**Exercise details:** When the listing below reaches the line that has "AI Quiz Generator screenshot 7", start reproducing exactly; stop after the line that has "13 Steeple Run", and drop the pictures.

**Excerpted data:**
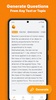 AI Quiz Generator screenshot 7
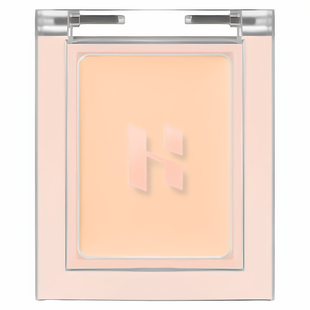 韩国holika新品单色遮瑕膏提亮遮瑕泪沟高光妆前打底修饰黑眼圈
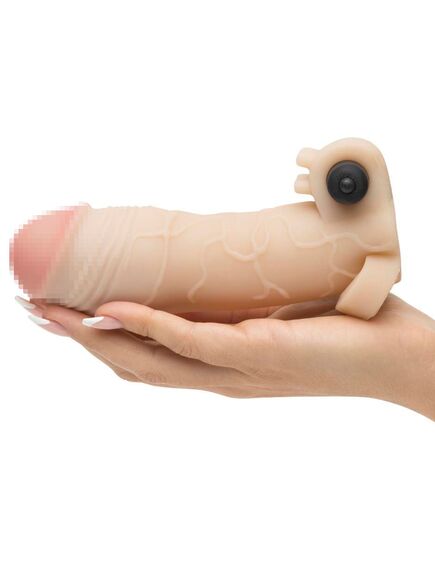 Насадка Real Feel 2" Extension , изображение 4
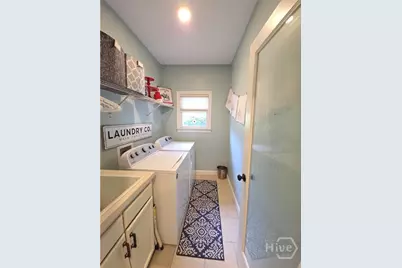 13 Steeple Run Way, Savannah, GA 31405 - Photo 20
--
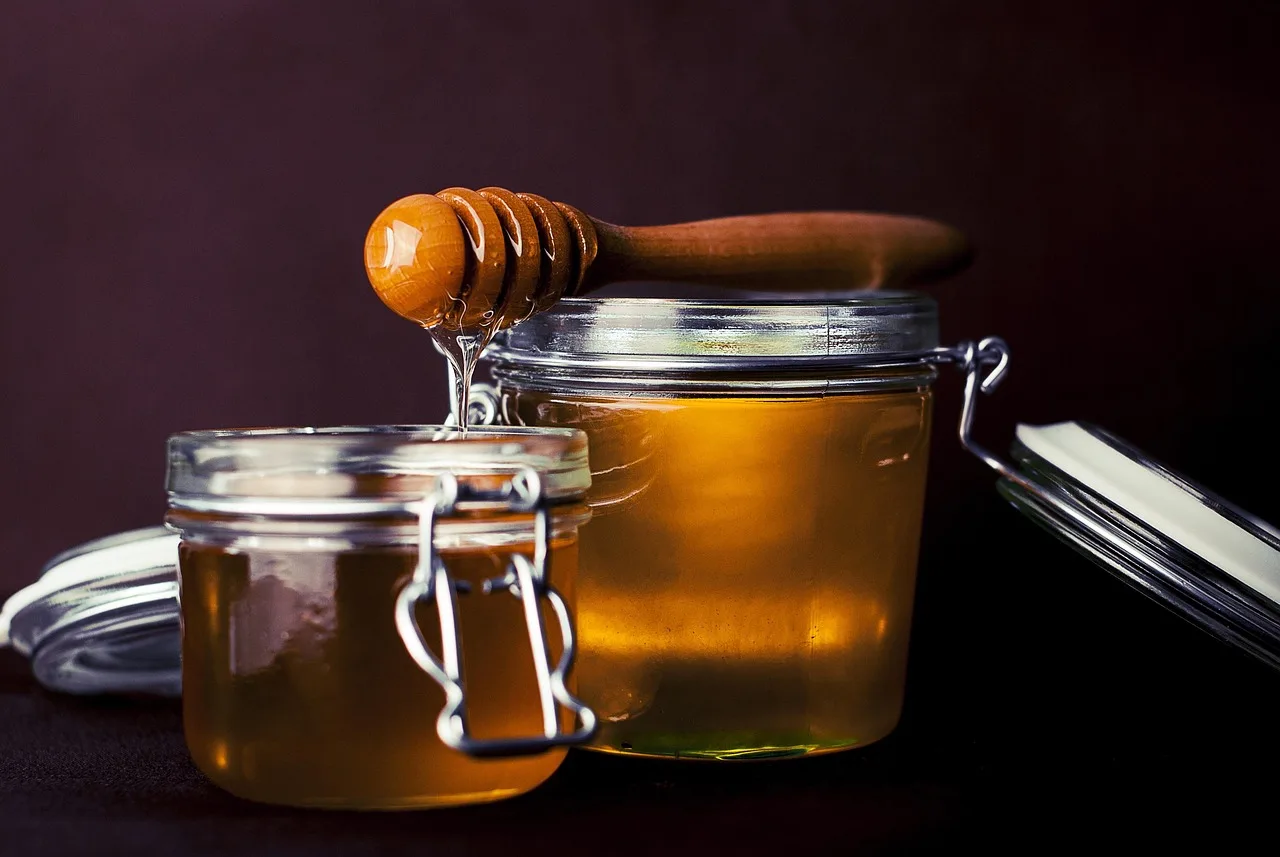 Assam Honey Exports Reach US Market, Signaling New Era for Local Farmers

**Your response:**
 AI Quiz Generator screenshot 7
 韩国holika新品单色遮瑕膏提亮遮瑕泪沟高光妆前打底修饰黑眼圈
 Насадка Real Feel 2" Extension , изображение 4
 13 Steeple Run Way, Savannah, GA 31405 - Photo 20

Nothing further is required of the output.